[Image-caption web data]
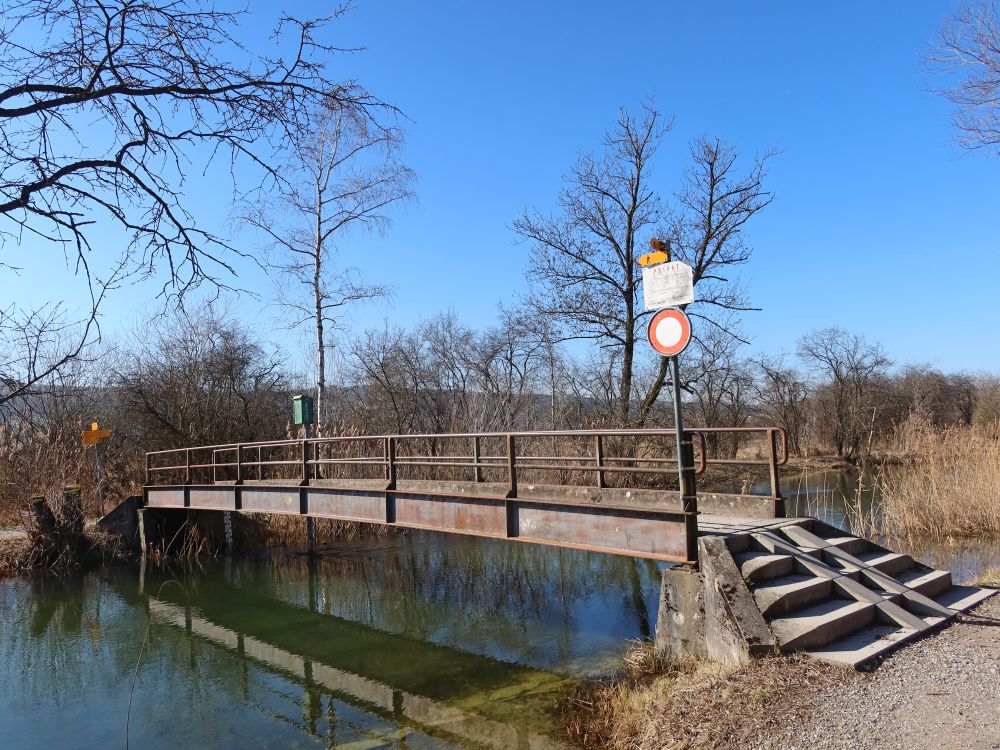 Steg über die Glatt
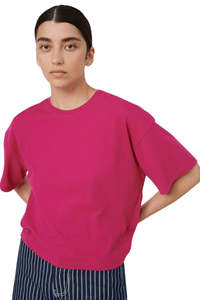 Kowtow: Light Boxy Tee - Magenta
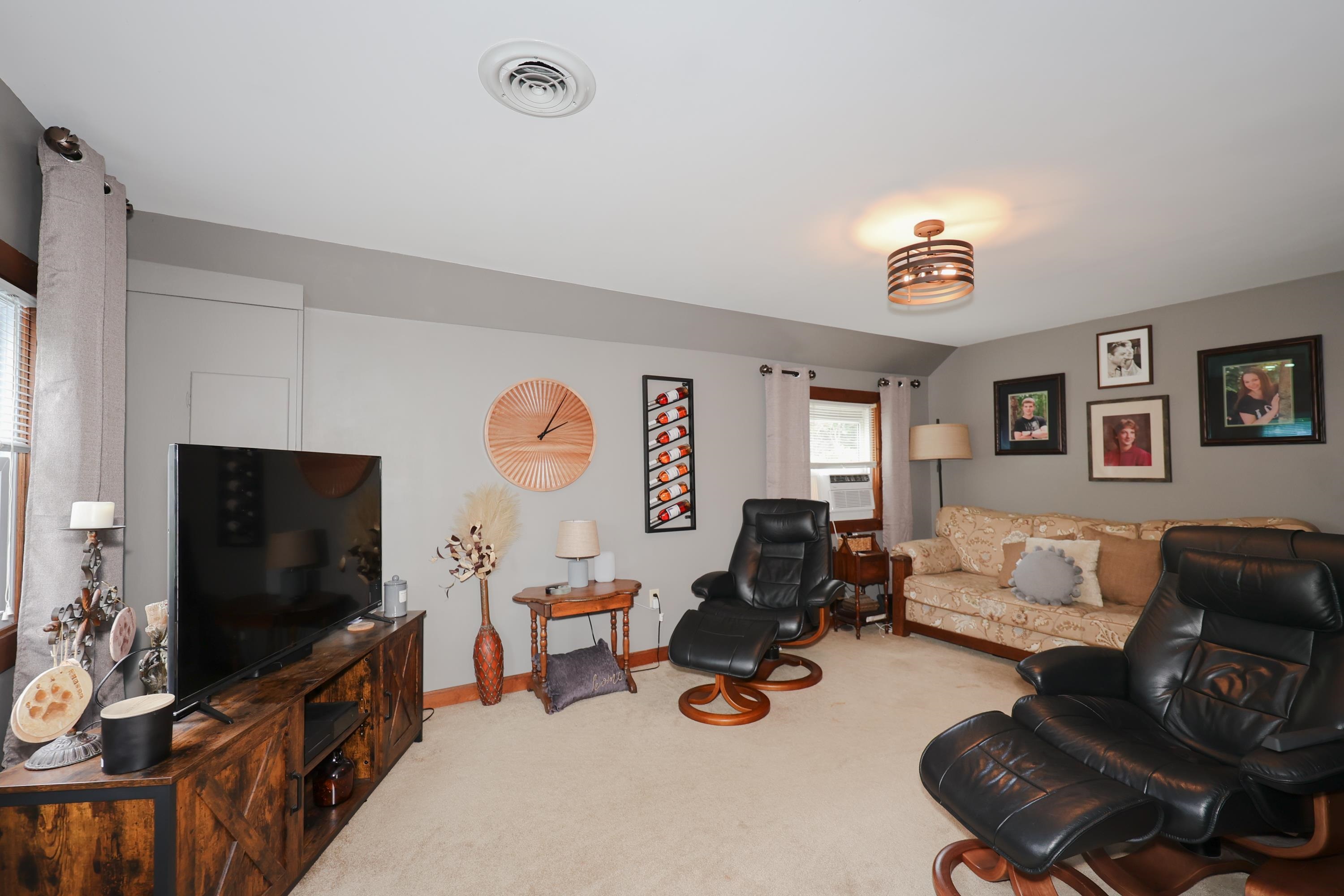 8 Ripley Street Concord, NH 03301 - Photo 10 of 19 Gallery Image 10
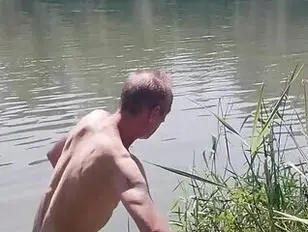 Biancasissy OUTDOOR EXPOSING у реки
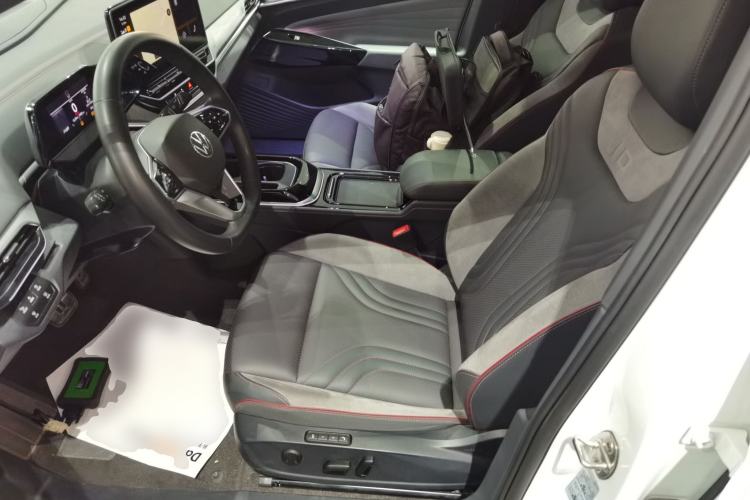 Used Volkswagen ID.4 CROZZ 2022 High-Performance PRIME Edition Left Front Seat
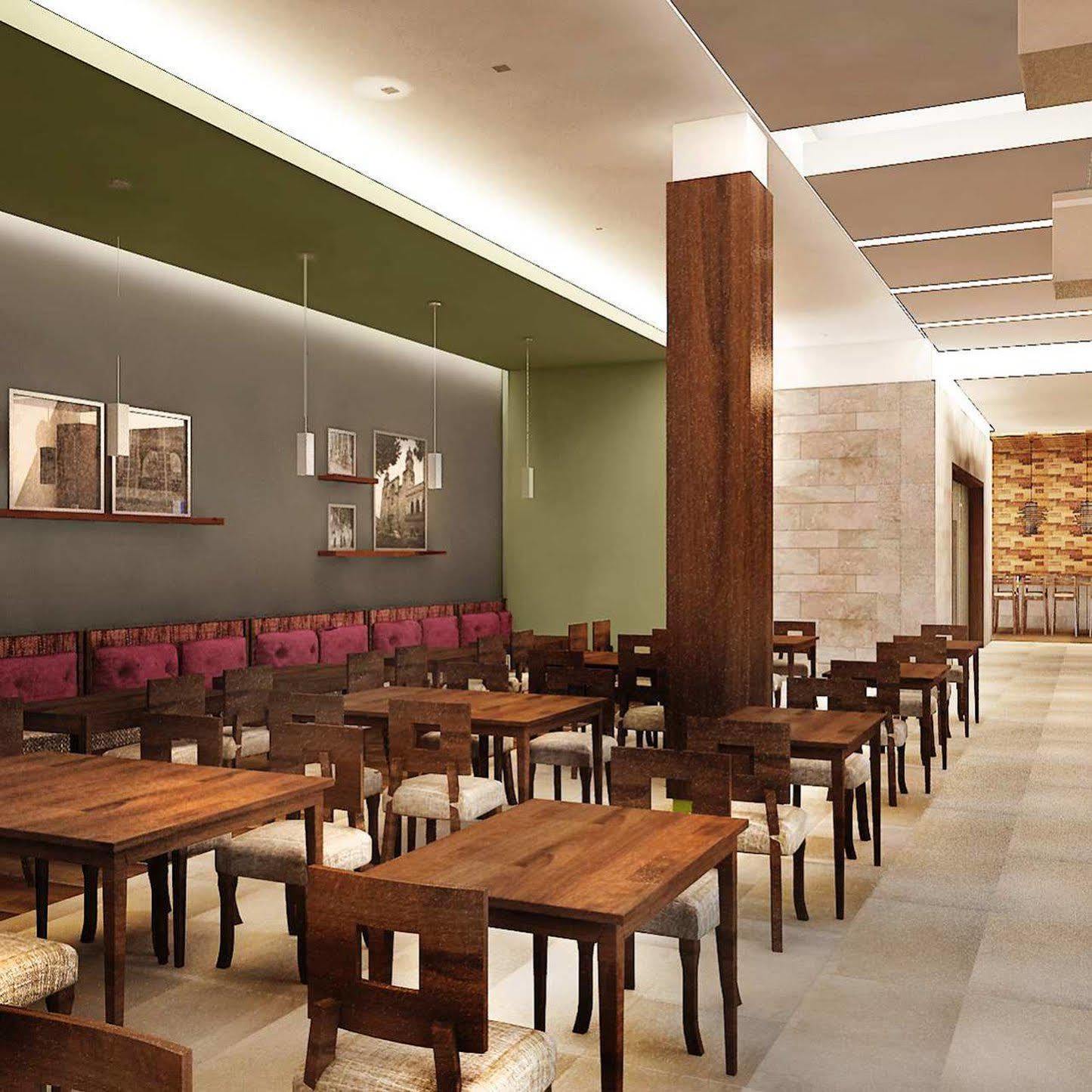 Hampton Inn By Hilton Merida Exterior photo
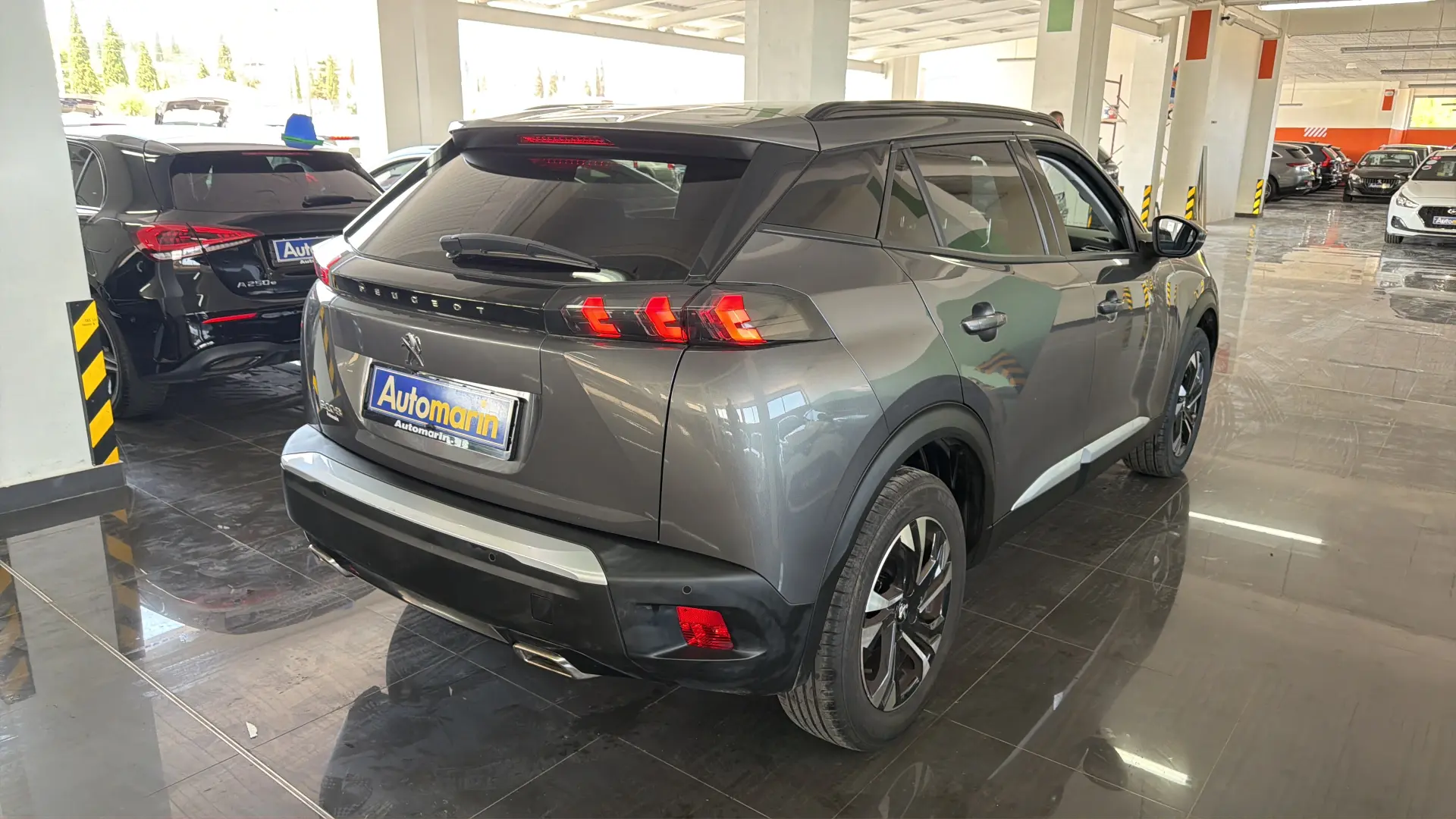 View 4 - Peugeot 2008 - 2020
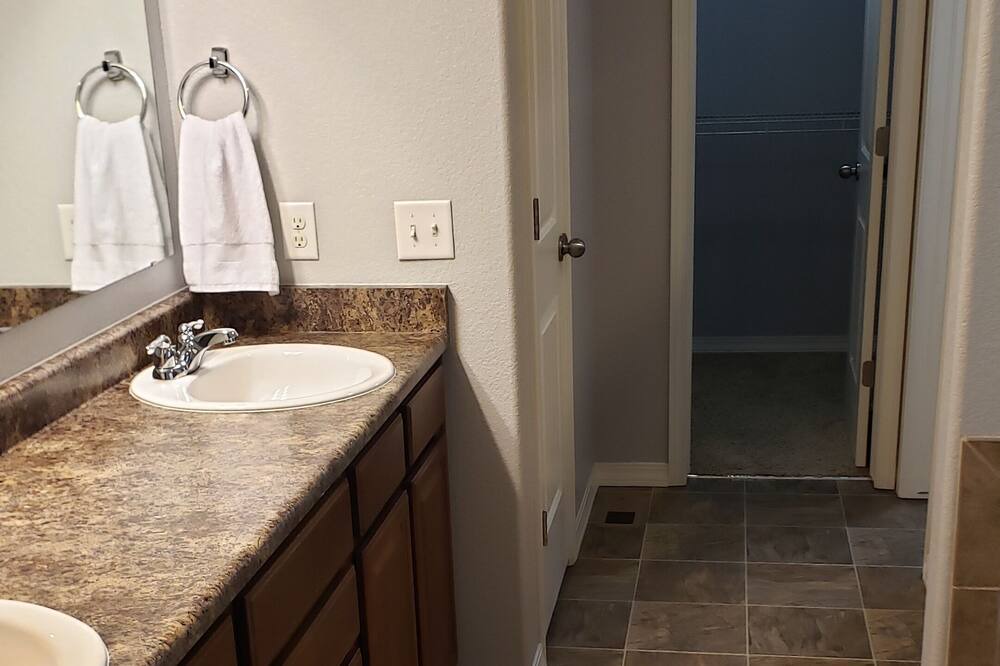 Photo of Bathroom in Northgate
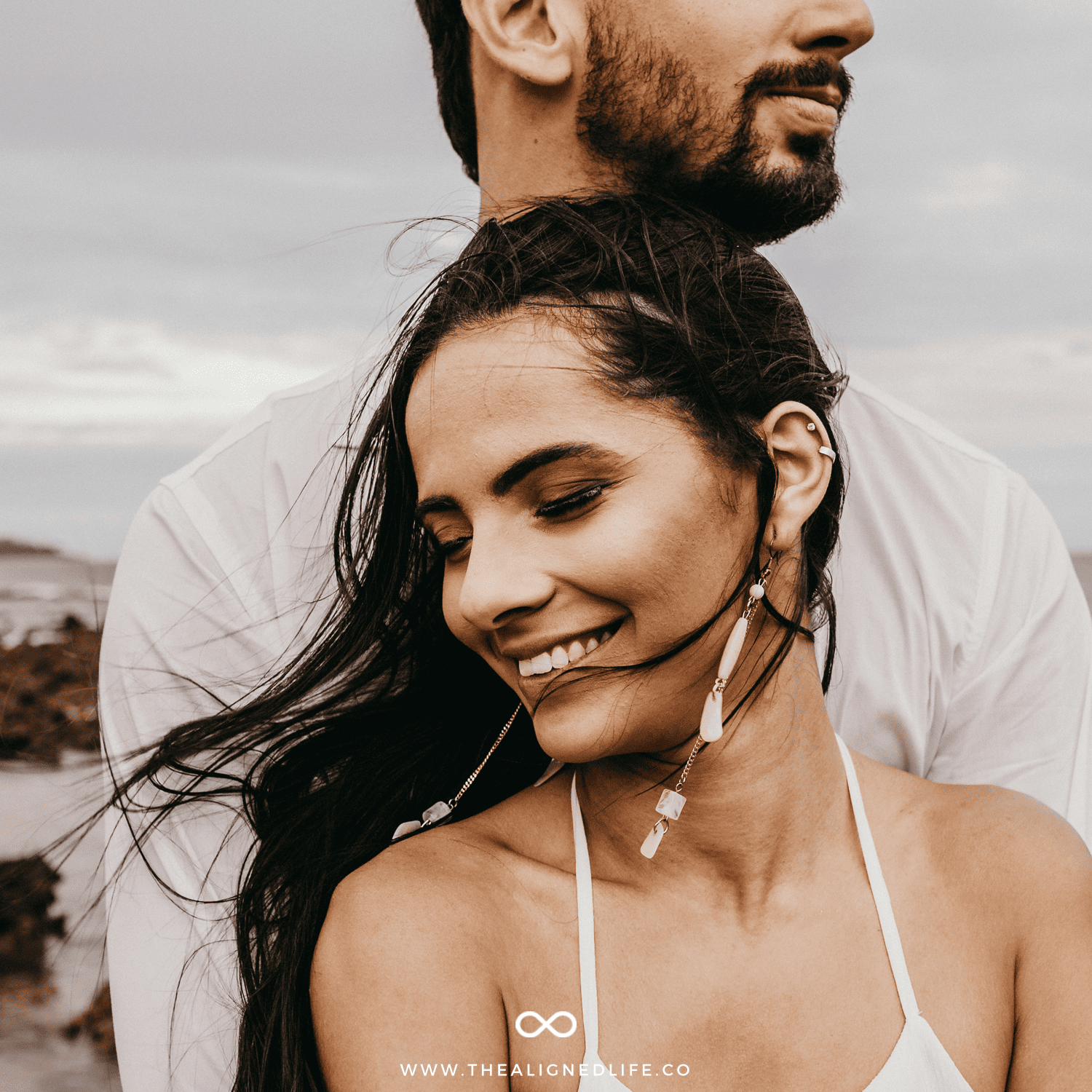 Is Someone Manifesting Me? 5 Signs Someone Is Manifesting You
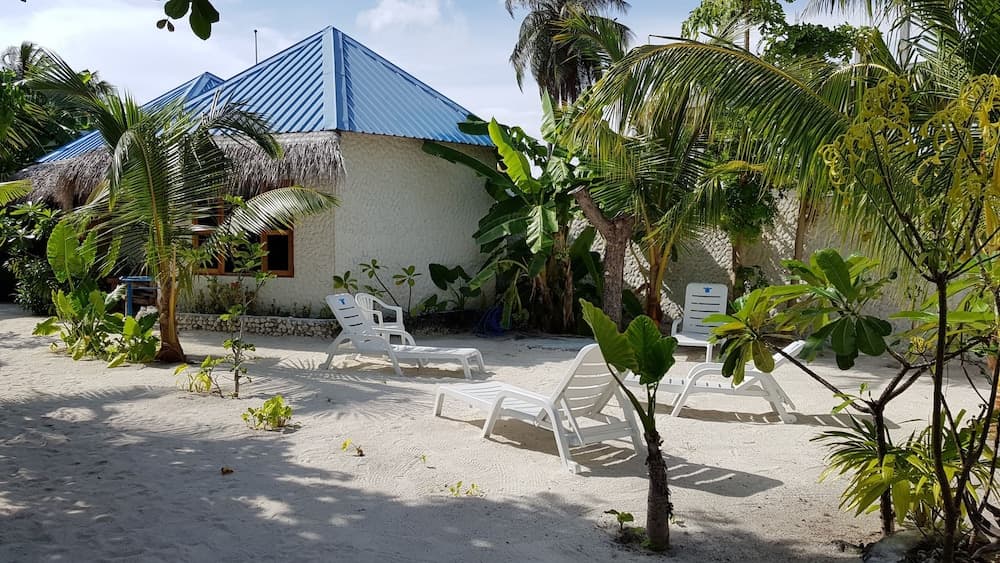 Blue World Dharavandhoo - View 3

### Description of the task
An exact copy of the lines from the one with "Photo of Bathroom in Northgate" through the end of the records: produce that and nothing more, leaving out the pictures.

### Written response
 Photo of Bathroom in Northgate
 Is Someone Manifesting Me? 5 Signs Someone Is Manifesting You
 Blue World Dharavandhoo - View 3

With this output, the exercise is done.